Изменить размер шрифта - +

— «…И родила Сына Своего Первенца, и спеленала Его, и положила Его в ясли, потому что не было им места в гостинице».

Вошли еще три ребенка: один нес Иосифа, другой Марию, а третий — младенца Иисуса, завернутого в плотную ткань. Его бережно уложили на солому, а его родителей усадили по обе стороны от яслей.

Затем настала очередь пастухов, вырезанных из единого куска дерева.

— «…Вдруг предстал им Ангел Господень, и слава Господня осияла их; и убоялись страхом великим».

Вошли двое детей, один нес бумажного ангела, другой бумажную звезду, которые они прицепили на занавеску над хлевом.

— «…А Мария сохраняла все слова сии, слагая в сердце Своем». — Мистер Чэмберс закрыл библию, когда в комнату тихо вошел дядя Освальд.

Никто не аплодировал. И это, наверно, был самый лучший комплимент умению дяди Освальда, чьи фигурки были большими и грубо вырезанными, но заставили всех ощутить вечное чудо Рождества.

Повисла тишина. Элизабет, обнимающая Джереми, боролась с подступившими слезами, но все равно не могла сдержать одной слезинки, скатившейся по щеке.

— Спасибо, — сказала она, затем сглотнула и продолжила более твердо: — О, я так вам благодарна, дядя Освальд, дети и ми… и Эдвин. Это прекрасное завершение воистину замечательного дня.

Зазвучал хор голосов: взрослые хвалили исполнителей и резчика, дети наперебой громко объясняли любому, кто готов был слушать, как им сказали идти медленно, а они почти забыли об этом, и только в последний момент вспомнили, и затем не могли вспомнить, с левой или с правой стороны яслей должна стоять Мария и куда надо было поместить ангела, выше или ниже звезды. Кто-то захотел узнать, почему не было волхвов, и дядя Освальд объяснил, что они появились только в Евангелии от Матфея, и, кроме того, у него все равно не было времени вырезать их.

Тетя Мэри поднялась и села за фортепиано.

Ей не пришлось призывать всех к тишине. Потому что как только она заиграла первые аккорды гимна «Тише, тише, мой малыш», все притихли, а потом запели. И все чувствовали чудо, тепло и исцеляющую силу любви, исходящую от ребенка, скрытого в пеленках, и от самого праздника Рождества.
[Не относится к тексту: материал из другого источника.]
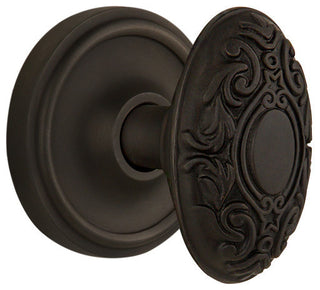 Classic Rosette Privacy Victorian Knob, Oil-Rubbed Bronze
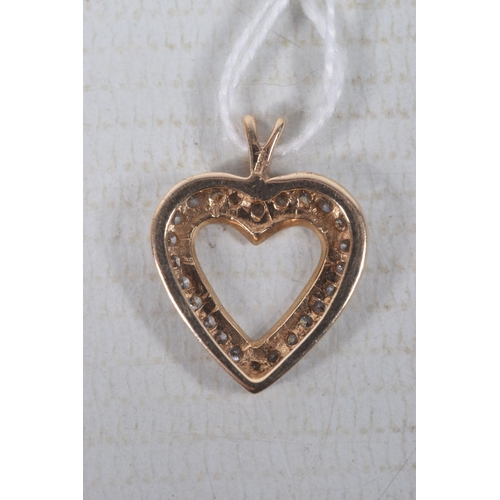 305 - A 9CT GOLD HEART PENDANT, open work heart set with colourless cubic zirconia, fitted with a split V ... 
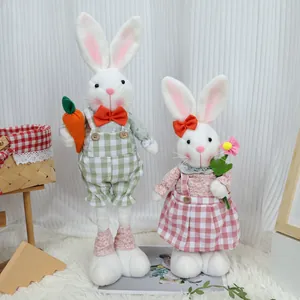 Figurine De Gnome Lapin De Pâques Avec Jambes Télescopiques Carotte Robe Écossaise Poupée Lapin Style Pastoral Décor Maison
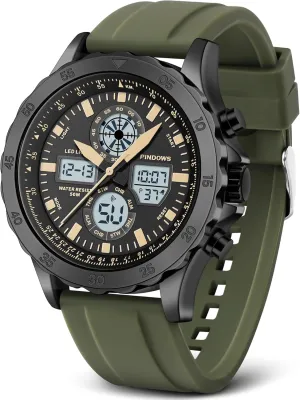 Military Waterproof Watches Analog Digital Watches Stainless Steel Watches with Alarm Stopwatch LED Light Hourly Chime sophisticated Multi-Function Wristwatch Watch for Men Watches Sport 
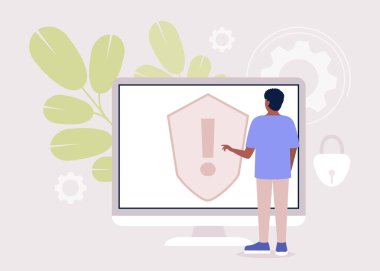 Sing up concept. Young man logs into the computer. Colorful flat vector illustration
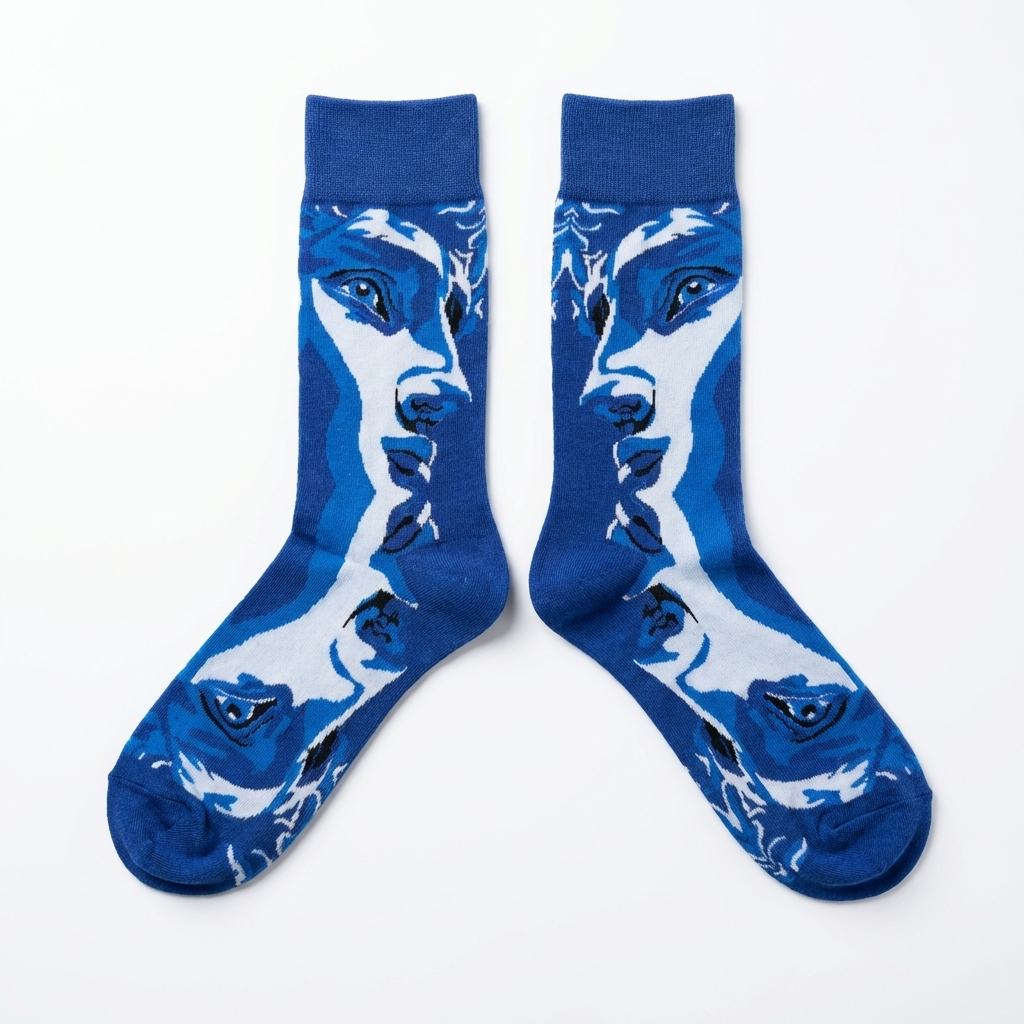 Blue Abstract Face Art Crew Socks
О, конечно, они все чувствовали это, думала Элизабет. Она не могла быть единственной, кто это ощущал.

Когда тетя Мэри начала играть следующий рождественский гимн, Элизабет осознала, что мистер Чэмберс стоит возле ее стула. Его рука лежала у нее на плече, когда он пел с остальными, и затем, когда Джереми забеспокоился, он наклонился и взял у нее ребенка, как будто это была самая естественная вещь в мире.

Элизабет проглотила комок в горле. Как она сможет вернуться к старой жизни, когда закончится Рождество и все, кроме ее родителей, разъедутся? Но она не хотела об этом думать. Не сегодня вечером.

Они пели в течение получаса, затем принесли чай.

— Мне сказали, что утром в девять часов в деревенской церкви будет служба, — сказал Эдвин, когда дети, зевающие и протестующие, были отосланы наверх в кровати.

Все посмотрели на него так, как будто у него выросла вторая голова. Они определенно не были семейством, которое посещает церковь. Но у нескольких человек нашлось, что сказать.

— Слишком рано, — произнес Майкл.

— Экипажи не смогут добраться по всему этому снегу.

— Мы могли бы пойти пешком, глупая. Здесь меньше двух миль.

— Пойти в церковь? На Рождество?

— Перегрин, не смей называть свою сестру глупой.

— Именно это я и имел в виду, моя дорогая.

— Я пойду, — сказала Элизабет, улыбаясь мистеру Чэмберсу и вспоминая, как приятно было несколько минут назад назвать его по имени.